QUESTION: What location?
MR. CROWLEY: New York. Again, more details to follow. But that’s what I can tell you there.
Since we’re on the subject, I will mention with regard to the announcement of plans for 1,300 units in East Jerusalem, that we were – let me start again. We were deeply disappointed by the announcement of advanced planning for new housing units in sensitive areas of East Jerusalem. It is counterproductive to our efforts to resume direct negotiations between the parties. We have long urged both parties to avoid actions which could undermine trust, including in Jerusalem, and we will continue to work to resume direct negotiations to address this and other final status issues. And I would expect this will be a topic of discussion when the Secretary meets the prime minister.

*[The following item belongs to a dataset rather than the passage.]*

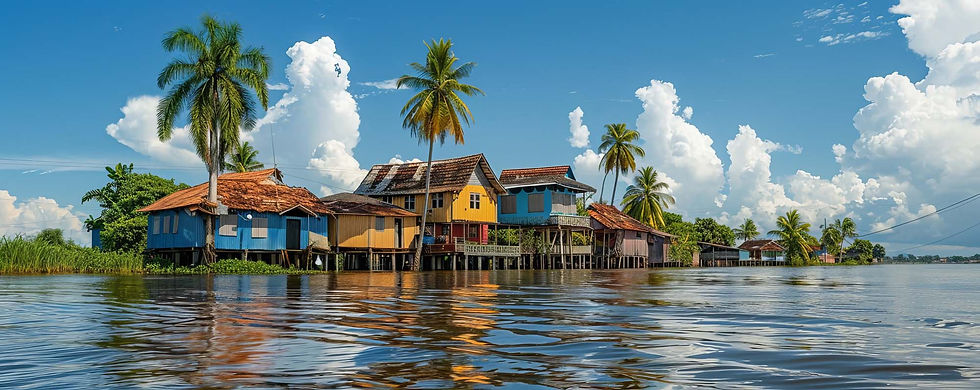 Suriname, tropisch paradijs met houten hutten, palmbomen, blauwe zee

QUESTION: Mr. Crowley, do you notice that there is a pattern here concerning the truth, Yosef’s announcement on building the – on the new buildings and so on coincided with the Vice Presidential speech in New Orleans? It seems that every time there is visitor, a high caliber visitor, be it an American visitor to Israel or an Israeli visitor to the United States, there seems to be an announcement of building settlements.
MR. CROWLEY: Well, I don’t think the Vice President’s taking this personally. Look – and obviously, this is a process. We’ve seen these kinds of announcements before. Actually, some of this might date back to last month. And it could very well be that somebody in Israel has made this known in order to embarrass the prime minister and to undermine the process. This is expressly why we have been encouraging the parties to remain in direct negotiations, to return to direct negotiations, and to work through these issues face to face. This is the only way that they’re going to be resolved, and this just demonstrates again why it is vitally important for us to find a way for the Palestinians and the Israelis to be able to resolve the core issues in a negotiation and not through this jockeying, which brings out those who may well be opposed to peace in the Middle East.
QUESTION: Okay. Is there a – just a follow-on – is there a concern that the premiership in Israel seems to be working independently of the foreign ministry, on the one hand, and the authority that issue permits to build and so on, on the other? There seems to be confusion. Is there a concern in that area?
MR. CROWLEY: Right. As I said, I expect the Secretary will talk to the prime minister about this. As you said, this is not the first time we have experienced a situation where one element of the government or a government may not know what is happening in a different bureau, a different agency, or a different level of government. But all we know is this kind of announcement is counterproductive to what we are trying to accomplish.
QUESTION: I’m sorry. Just to follow up on that, I mean, does this realization that you have now that one arm of the government may not know what the other arm is doing, does that reduce Prime Minister Netanyahu’s usefulness as an interlocutor? I mean, what’s the point of talking to him if he can’t control the people in his own government?
MR. CROWLEY: Well, first of all, he’s the prime minister. And ultimately, he is the one that has to sign on the dotted line if there is an agreement that ends the conflict. So Prime Minister Netanyahu is central to the process. In fact, on the key decisions that have to be made only an Israeli prime minister can make those decisions on behalf of the Israeli people.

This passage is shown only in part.